Politisch gehört das Unternehmen eindeutig zum PD-Kosmos. Massimo Pessina und Guido Stefanelli gelten als sehr Renzi nah.
So hat die „Pessina Costruzioni SPA“ über eine Tochterfirma die historische kommunistische Parteizeitung „L´Unità“ erworben. Das Traditionsblatt musste 2017 sein Erscheinen einstellen. 
 
Am 25. Mai 2018 erschien wieder eine Nummer der „L´Unità“. Der Grund: Nach dem italienischen Pressegesetz verfällt nach einem Jahr die Eintragung eines Presseorganes bei Gericht, sollte es ein Jahr lang nicht erscheinen. Um das zu vermeiden machten der neue Direktor Luca Falcone, Ex-Pressesprecher der „Pessina Costruzioni SPA“ sowie drei Journalisten und ein Grafiker diese Sonderausgabe.

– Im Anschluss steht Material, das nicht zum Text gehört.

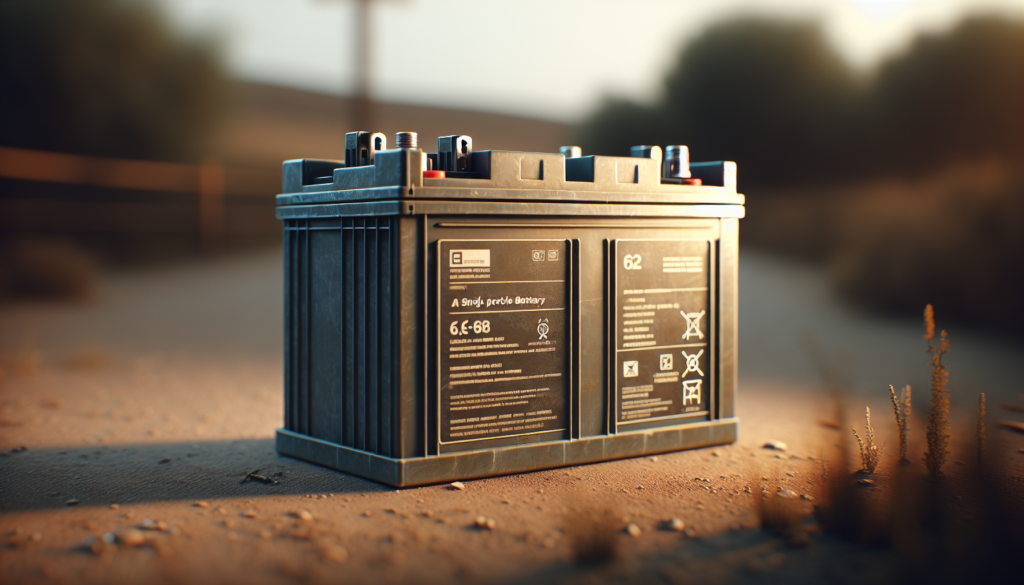 How To Choose The Right Battery Type For A Small Off‑Grid System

Das publizistische Engagement des Unternehmens ist dabei sehr umstritten.
 

Der Verkauf

 
Die „Pessina Costruzioni SPA“ hat mit dem Kauf den Auftrag und die Arbeiten für Baustelle der „Eisackwerk GmbH“ in St. Anton bei Bozen übernommen. Sowie, drei ANAS-Aufträge in Süditalien und Sardinien.

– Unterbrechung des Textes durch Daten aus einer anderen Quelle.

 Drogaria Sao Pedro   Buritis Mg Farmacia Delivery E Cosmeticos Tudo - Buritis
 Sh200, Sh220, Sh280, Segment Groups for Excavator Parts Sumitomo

Ebenso weitere Beteiligungen und Zuschläge an der Autobahn Cispadana zwischen Reggiolo Rolo und Ferrara Süd, der Autobahn Campogalliano-Sassuolo, sowie den Autobahnanschluss Ferrara-Porto Garibaldi.

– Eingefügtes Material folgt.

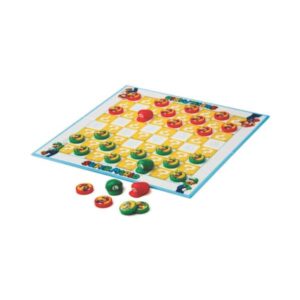 Jogo de Damas do Super Mario Personalizado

Neben den gesamten Maschinenpark übernimmt der Käufer auch 51 Angestellte der Firma Oberosler. Zudem sind mit der Versteigerung auch drei Rekurse vor dem Verwaltungsgericht bzw. dem Staatsrat an die neuen Besitzer übergegangen. Oberosler hat gegen die Vergabe bei den Ausschreibungen der Umfahrung Meran Nord-Ost, der Einfahrt in das Gadertal, sowie der Erweiterung des Brunecker Krankenhauses rekurriert. Die Verfahren laufen noch.
Mit dem Verkauf hat der Pusterer Bauunternehmer jetzt aber auch diese Forderungen und Rechtsstreitigkeiten an den neuen römischen Besitzer abgegeben.
Am Montagnachmittag ging im Ausgleichsverfahren Oberosler aber noch eine zweite Versteigerung am Bozner Landesgericht über die Bühne. Dabei wurden jene ausstehenden Zahlungen ("Crediti") versteigert, die die "Oberosler Cav. Pietro Srl" noch von den zum Großteil öffentlichen Auftragebern zu bekommen hat. Laut Konkursgericht sind es 132,8 Millionen Euro. Dieses Paket wurde am Montag zum Ausrufpreis von 9.075.000 Euro angeboten. Wer es ersteigert hat und um wie viel ist offiziell noch nicht bekannt.